James shares some fascinating insights into two of the world’s most coveted names in Champagne – one of which he awarded a 99-point score.
If – as I believe to be the case – Krug is the king of Champagne, Dom Perignon is the queen. Preference for one or the other is strictly a matter of style, not quality. So they can (and do) flourish under the same corporate owner, Louis Vuitton Moet Hennessy, LVMH for short.
From this point on differences, not similarities, abound. Dom Perignon has by some distance the greatest brand recognition, with sales measured in millions (the number is officially a secret, but the best informed suggest 3.5 to 5 million bottles). The cost of production is anyone's guess, as are sales and marketing expenses, but you are quickly rising from at a bare minimum net earnings of $350 million.

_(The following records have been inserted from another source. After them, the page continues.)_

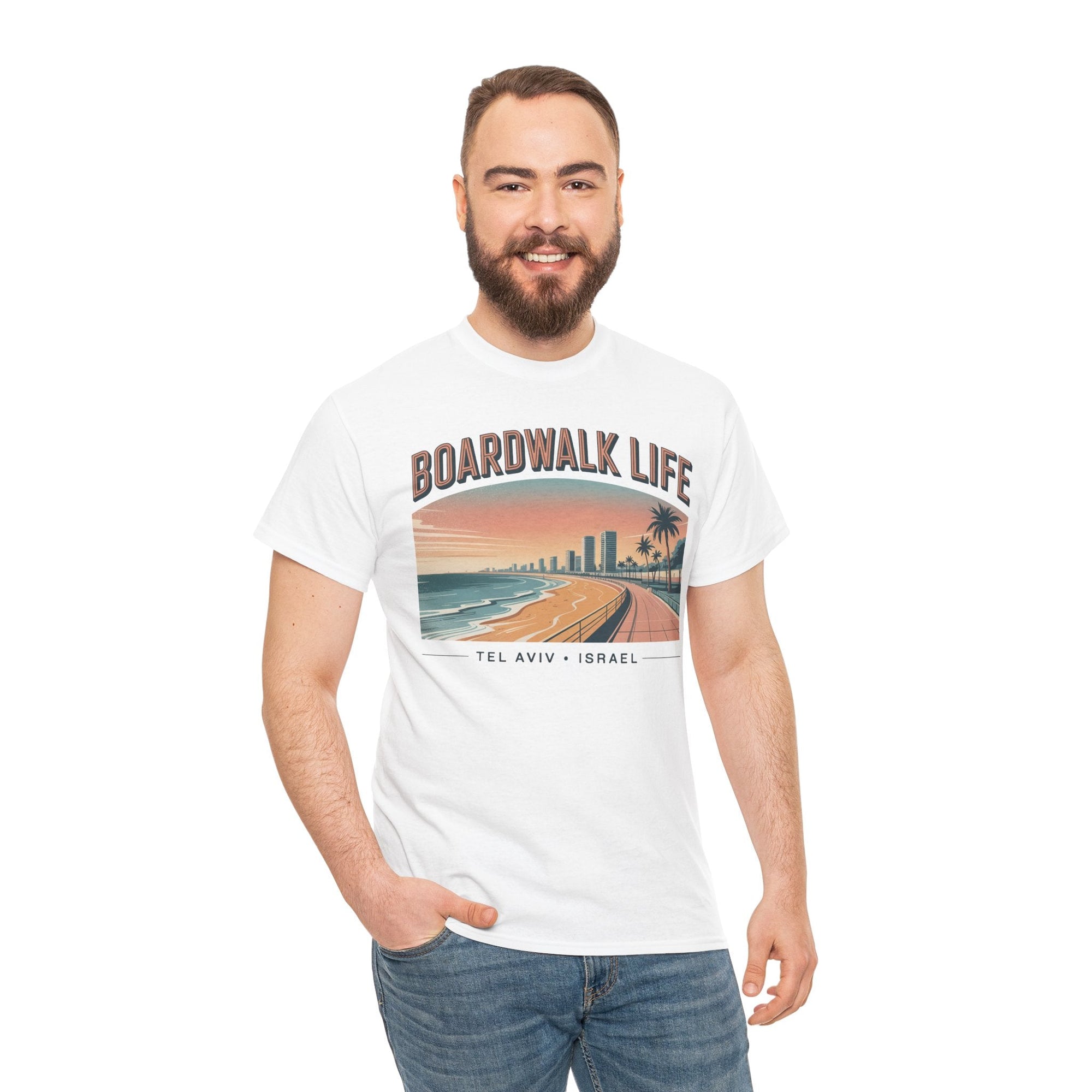 Tel Aviv Boardwalk T-Shirt - Shop Israel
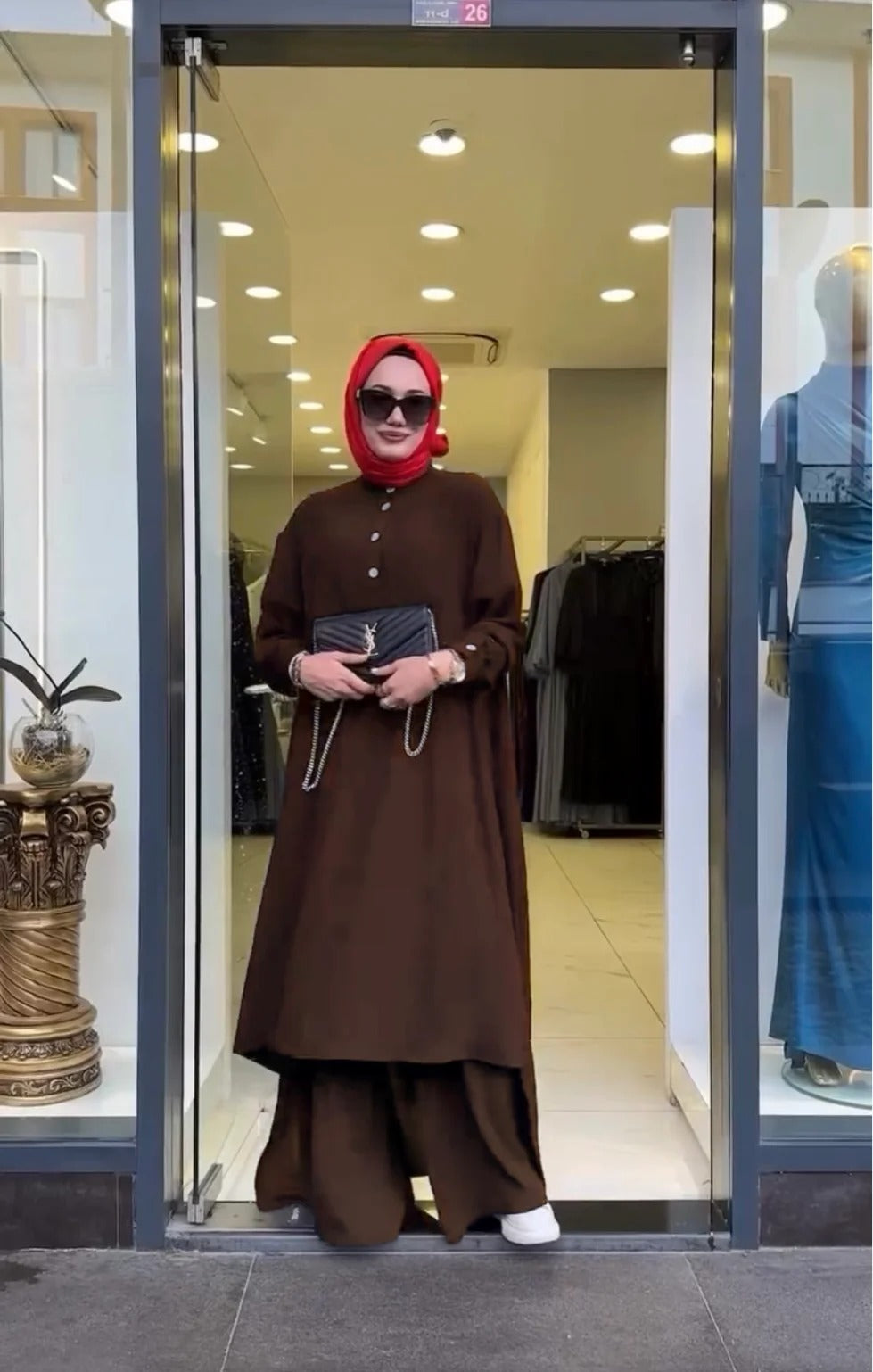 Women's Long Shirt & Loose Trouser Set CT600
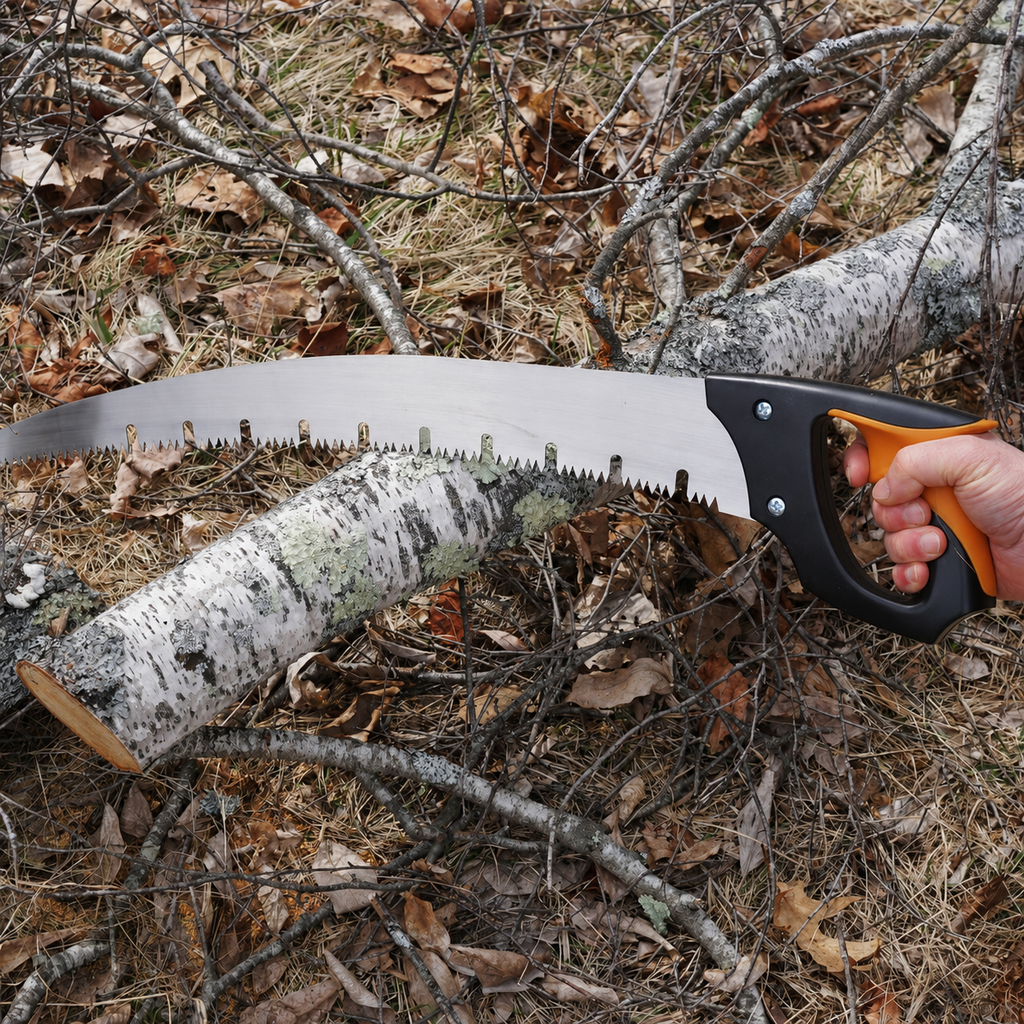 Greenhaus Gardening Large Raker-Tooth Pruning Saw for Green Wood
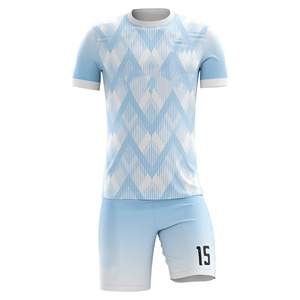 Uniforme de fútbol con paneles de malla para ventilación adicional Uniforme de fútbol con camiseta de manga corta y pantalones cortos con cordón - Product Image 4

When you add the extra margin of rosé and the late-disgorged wines, the figures swell yet again. Formerly called Oenotheque, they are now called P1, P2 and P3. P1 is for the current release (typically 10 years old) and its key characteristics are elegance and harmony; P2 (16 to 18 years old) is all about energy and intensity, and P3 (25 years old) tertiary complexity.
There is no such thing as a non-vintage Dom, but when you cross over to Krug, their non-vintage Grande Cuvee is the raison d'être of its (unofficial) 600,000-bottle production. Founder Joseph Krug declared: “God makes a vintage, I make Grande Cuvee.”
Each year a new Grande Cuvee is created and given an edition number, the current release 163e (in other words, with an unbroken lineage of 163 yearly blends). Each bottle has a unique number that reveals its exact history (via the Krug app). This edition has 183 batches of wine from 12 vintages, the oldest 1990, the youngest (its base year) 2007, disgorged in winter 2015-16.
The 2002 Krug, 40 per cent pinot noir, 39 per cent chardonnay and 21 per cent pinot meunier, spent 12 years on tirage. It was a great vintage and this magnificent wine does it full justice. Properly cellared, its future will be measured in decades, not years. Long live the King.
1998 Dom Perignon P2
Disgorged in 2010, held in the cellars for further development. Light gold colour, this is a quite beautiful wine, with intense, complex brioche and stone fruit flavours draped on a spinal chord of bright acidity. Headed to creamy/buttery notes as it matures into the P3 stage of the next five-plus years.
RRP $599 | 2028
2002 Krug Brut
Golden yellow; a spectacularly expressive bouquet with brioche, wild-flower honey and spice, the palate building layer-upon-layer of fruits of all kinds on a foundation of Krug acidity, so important in giving the lavish flavours an aura of brightness.
$499 | 2032
NV Krug Grande Cuvee 163e Edition
Quite simply the greatest non-vintage champagne of all, soaring on a magic carpet of grilled nuts, nougat, white flowers and dried fruits, then finishes dramatically with the extreme drive and intensity of its citrus/grapefruit-accented acidity providing balance and immense length.